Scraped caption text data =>
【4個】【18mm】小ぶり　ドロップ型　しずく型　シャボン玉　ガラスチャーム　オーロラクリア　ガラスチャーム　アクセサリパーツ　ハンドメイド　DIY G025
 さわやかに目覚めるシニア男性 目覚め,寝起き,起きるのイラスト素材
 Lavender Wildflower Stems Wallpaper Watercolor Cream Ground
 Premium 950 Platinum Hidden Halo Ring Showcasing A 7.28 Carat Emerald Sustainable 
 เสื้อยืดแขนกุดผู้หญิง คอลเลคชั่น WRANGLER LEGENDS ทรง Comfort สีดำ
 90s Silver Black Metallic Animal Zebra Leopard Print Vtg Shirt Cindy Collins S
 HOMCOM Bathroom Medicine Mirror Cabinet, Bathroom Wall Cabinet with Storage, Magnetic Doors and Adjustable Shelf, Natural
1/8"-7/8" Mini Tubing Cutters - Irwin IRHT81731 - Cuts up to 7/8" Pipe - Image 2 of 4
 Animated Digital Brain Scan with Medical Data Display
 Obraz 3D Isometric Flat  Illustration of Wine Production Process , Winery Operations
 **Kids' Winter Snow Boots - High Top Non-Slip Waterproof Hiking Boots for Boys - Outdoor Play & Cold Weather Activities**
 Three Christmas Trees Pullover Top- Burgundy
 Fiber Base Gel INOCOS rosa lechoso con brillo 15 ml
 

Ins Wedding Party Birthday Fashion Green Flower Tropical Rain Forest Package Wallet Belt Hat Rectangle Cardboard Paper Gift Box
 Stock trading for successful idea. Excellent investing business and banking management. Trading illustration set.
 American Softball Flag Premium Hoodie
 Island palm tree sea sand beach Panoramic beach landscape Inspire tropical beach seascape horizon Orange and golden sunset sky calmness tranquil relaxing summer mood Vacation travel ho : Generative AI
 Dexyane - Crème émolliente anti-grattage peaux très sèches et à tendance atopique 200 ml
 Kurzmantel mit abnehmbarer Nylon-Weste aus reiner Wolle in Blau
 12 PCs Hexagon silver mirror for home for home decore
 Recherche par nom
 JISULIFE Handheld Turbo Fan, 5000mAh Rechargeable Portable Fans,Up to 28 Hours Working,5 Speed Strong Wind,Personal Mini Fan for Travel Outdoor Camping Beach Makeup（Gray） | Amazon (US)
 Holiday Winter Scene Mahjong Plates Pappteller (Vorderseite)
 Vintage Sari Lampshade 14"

What you should do => I'd like the lines above from the one with "Obraz 3D Isometric" up to and including the one with "American Softball Flag Premium Hoodie" copied exactly, with no other lines.

Task output =>
 Obraz 3D Isometric Flat  Illustration of Wine Production Process , Winery Operations
 **Kids' Winter Snow Boots - High Top Non-Slip Waterproof Hiking Boots for Boys - Outdoor Play & Cold Weather Activities**
 Three Christmas Trees Pullover Top- Burgundy
 Fiber Base Gel INOCOS rosa lechoso con brillo 15 ml
 

Ins Wedding Party Birthday Fashion Green Flower Tropical Rain Forest Package Wallet Belt Hat Rectangle Cardboard Paper Gift Box
 Stock trading for successful idea. Excellent investing business and banking management. Trading illustration set.
 American Softball Flag Premium Hoodie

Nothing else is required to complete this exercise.